Quick one: This day is different from International Women’s Day which is celebrated on the 8th day of March every year. Some countries like Albania celebrate mothers on this day as well – talk about killing two birds with one stone!
10. Greeting cards are the commonest type of gifts on this holiday
While mothers get luxurious gifts like jewellery, perfumes, spa treatment, clothes or shoes, millions of greeting cards are sold all over the world on that day.
What do you think is the perfect gift for your mum? Or what do you think is the perfect gift as a mum?
Some FAQs on Mother’s Day
Is Mother’s Day biblical?
The bible does advocate that mothers be honoured but the holiday doesn’t stem from the bible per se.

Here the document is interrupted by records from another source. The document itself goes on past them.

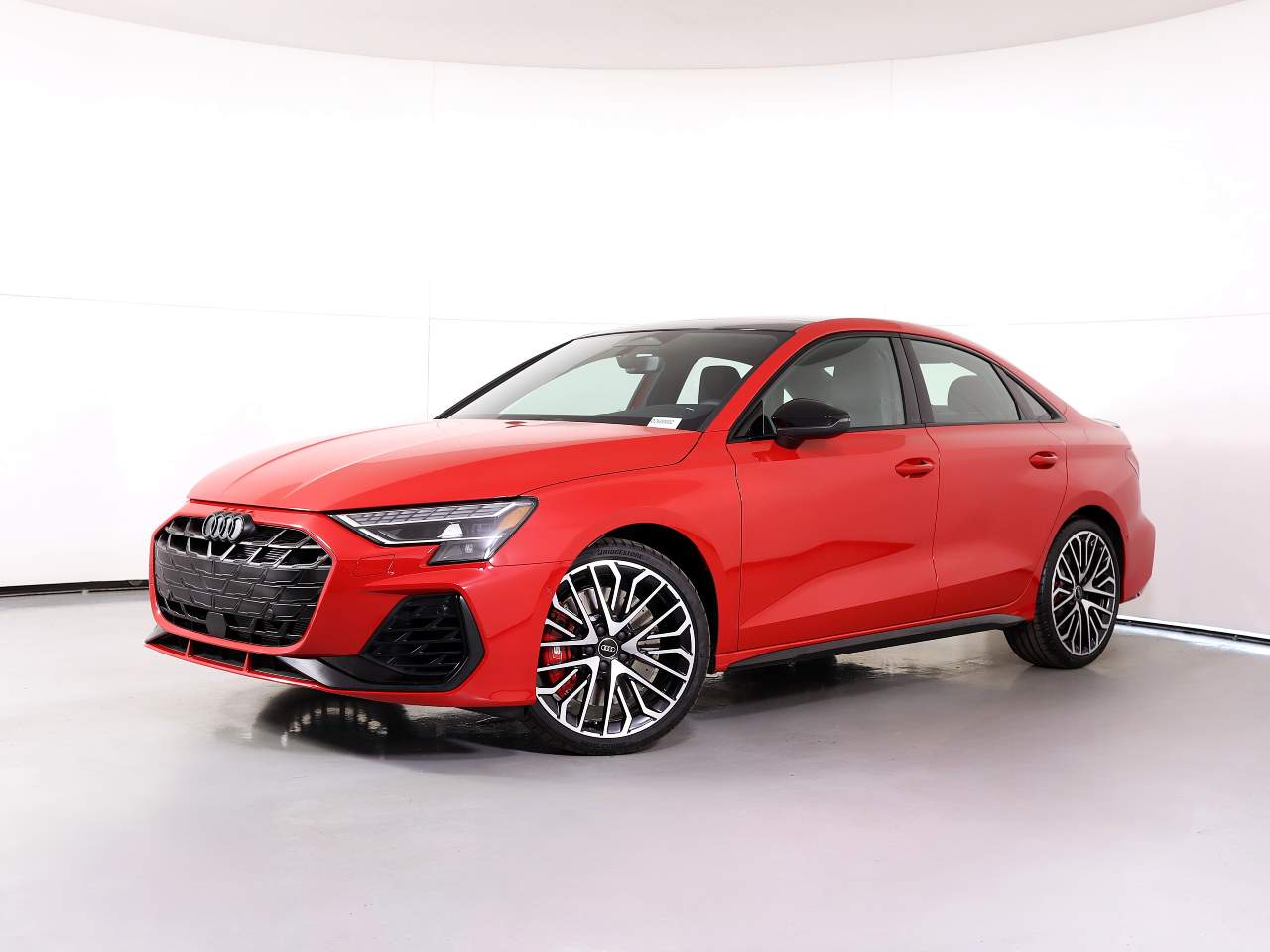 2026 Audi S3 2.0T quattro Premium
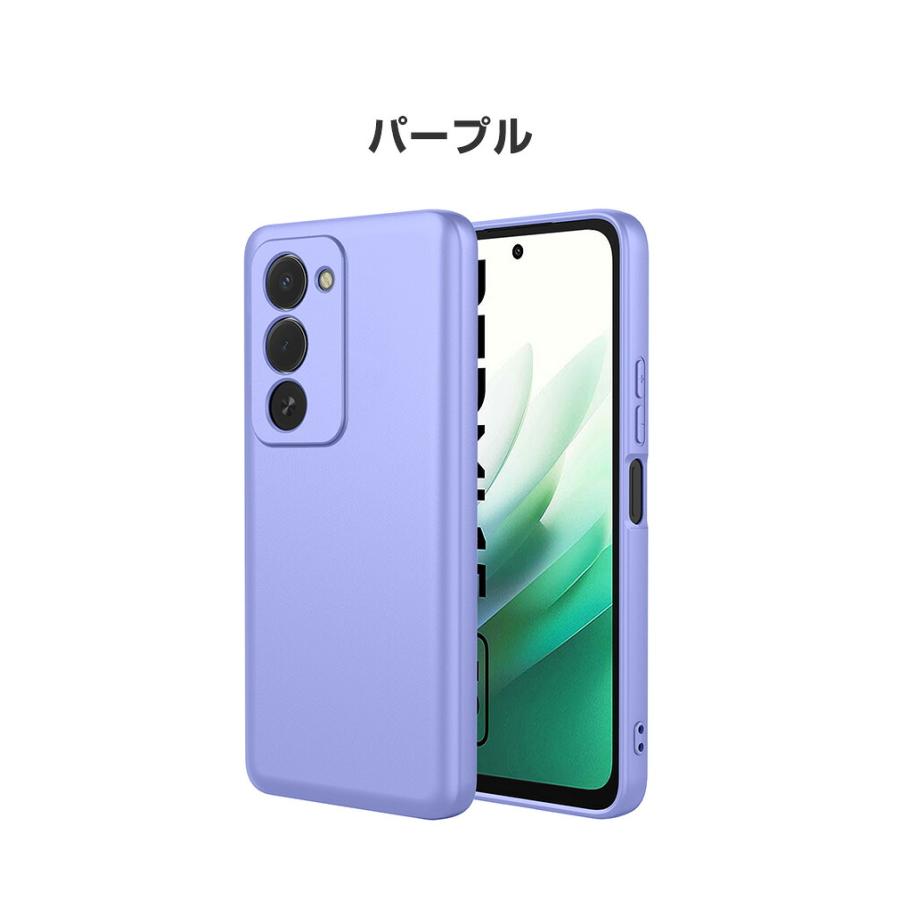 Xiaomi（シャオミ） REDMI 15 5G用のケース シリコン素材 絶妙な肌感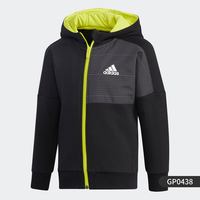 Adidas/阿迪达斯LB TE SPAC JKT小童运动休闲外套 GP0438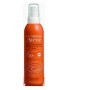 Avène Solare Spray Corpo SPF 20 Protezione Media 200 ml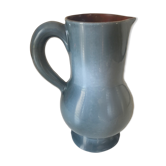 Ceramic Accolay vintage decanter from the 60's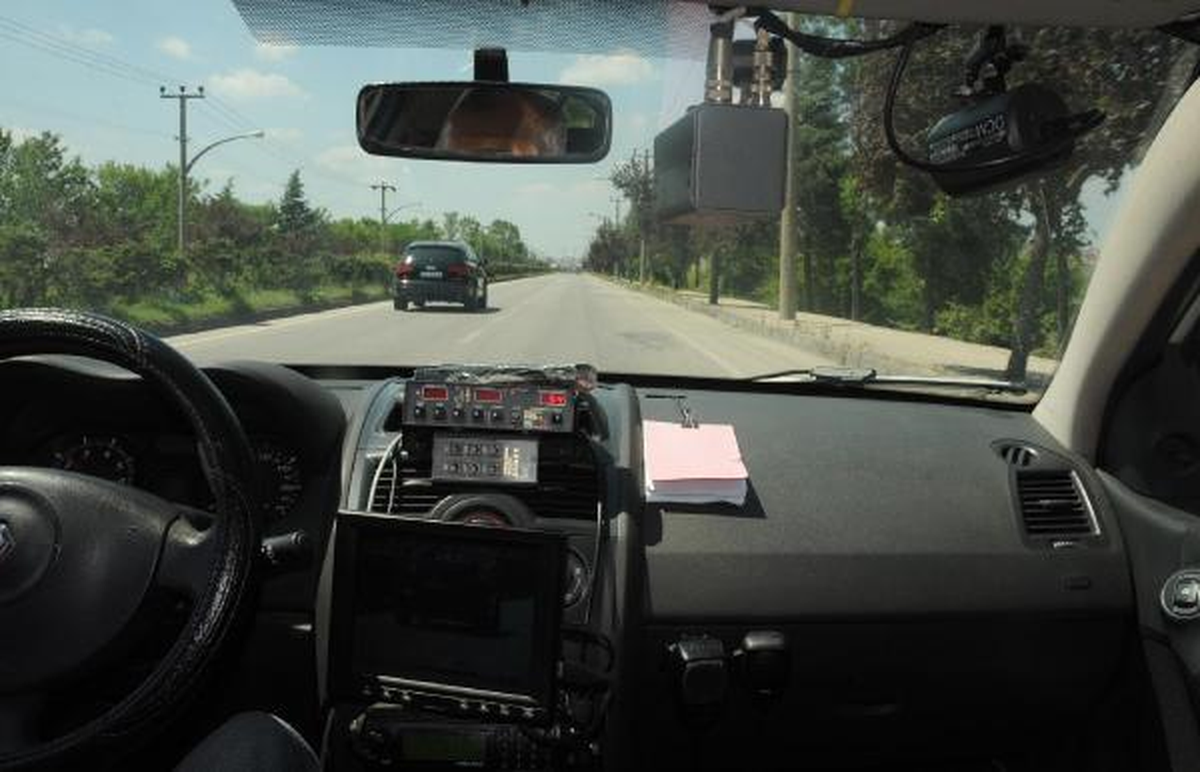 Edirne\'de Trafikte Sürekli Denetim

But a fine reason why this question gets asked is that Mothering Sunday was originally a religious holiday meant to honour one’s church, not one’s mother.
In modern times, it’s almost always synonymous with a day meant to celebrate mothers, and what can be wrong with that?
What’s the difference between Mother’s Day and Mothering Sunday?
Just in case it wasn’t clear enough earlier, Mothering Sunday originated in the UK as a religious event and Mother’s Day came from the US.
Yes, it’s not terrible to refer to Mothering Sunday as Mother’s Day – tons of people are guilty of this!
How often is Mother’s Day? Is it celebrated twice a year?
How often is it? As often as once a year. It’s an annual event that’s held once a year and it’s not celebrated twice.
But if your country does happen to celebrate it twice, then it means the date in another country has been hijacked.
In Nigeria, for example, the primary date adopted is that of Mothering Sunday but people often celebrate with Americans in May as well. Oh yeah, some also make International Women’s Day another day to celebrate their mothers.
When is Mother’s Day celebrated in Nigeria? On the fourth Sunday in Lent which is 3 weeks before Easter Sunday.
Although it’s heavily commercialized, this day is truly a beautiful holiday. As a hallmark holiday, its only true competitor is Christmas.
Do mothers deserve to be celebrated every day? That’s entirely up to you. It’s called Mother’s Day not mothers’ day for a reason – it’s your mother and the media shouldn’t dictate how you should celebrate her.
If all your mother want is a handwritten note, then do just that rather than buy her a jewellery set; vice versa. Do not let the commercialization overwhelm or pressure you.